Why is the value of r in $r=\cos θ$ never negative?

Question

The graph of $r=\cos θ$ forms a circle with radius $.5$ and around $(1,0)$. However, in terms of Cartesian plane coordinates, why doesn't the $r$ value go into the second and third quadrants? Wouldn't $r$ be negative when $θ$ is in the second and third quadrants?

Answer 1

You are correct $r$ is negative when $\frac{\pi}{2} \leq \theta < \frac{3\pi}{2}$, but since $r$ is negative, it points in the opposite direction of the $\theta$. Thus, the point $(r,\theta)=(-1,\pi)$ does not map to $(x,y)=(-1,0)$, but to $(x,y) = (1,0)$

Answer 2

$r$ can be negative.

When $\theta$ is in Quadrant II or III, $r=\cos\theta$ is negative and the point is located in the opposite quadrant.

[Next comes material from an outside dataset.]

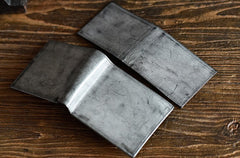 Genuine Leather Mens Cool billfold Leather Wallet Men Small Wallets Bifold for Men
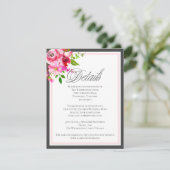 Carte D'accompagnement Mariage moderne Fleur Jardin Détails Gris (Debout devant)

But as $\cos(\pi+\theta)=-\cos\theta$, $(r_0,\cos\theta_0)$ and $(-r_0,\cos(\theta_0+\pi))$ coincide.

Answer 3

I’d like you to first think of the equation $y=x^2$ in the Cartesian coordinate $(x,y)$-plane. That condition is a restriction over the plane that famously identifies those points whose $y$ value (height fron $x$ axis) is exactly the square of their $x$ value.

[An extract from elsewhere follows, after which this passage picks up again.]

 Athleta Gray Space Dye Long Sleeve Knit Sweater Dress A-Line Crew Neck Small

Now move back to polar coordinate $(r, \theta)$-plane. The equation $r = \cos\theta$ identifies those points whose $r$-value (distance from the origin) is exactly $\cos$ of their $\theta$ value (angle from $x$ axis). But $r$ is always greater than zero (and $\theta$ is always between $\pm\pi$), so the condition is not meaningless unless $\theta$ makes the cosine positive, that is $\theta$ is between $\pm\pi/2$.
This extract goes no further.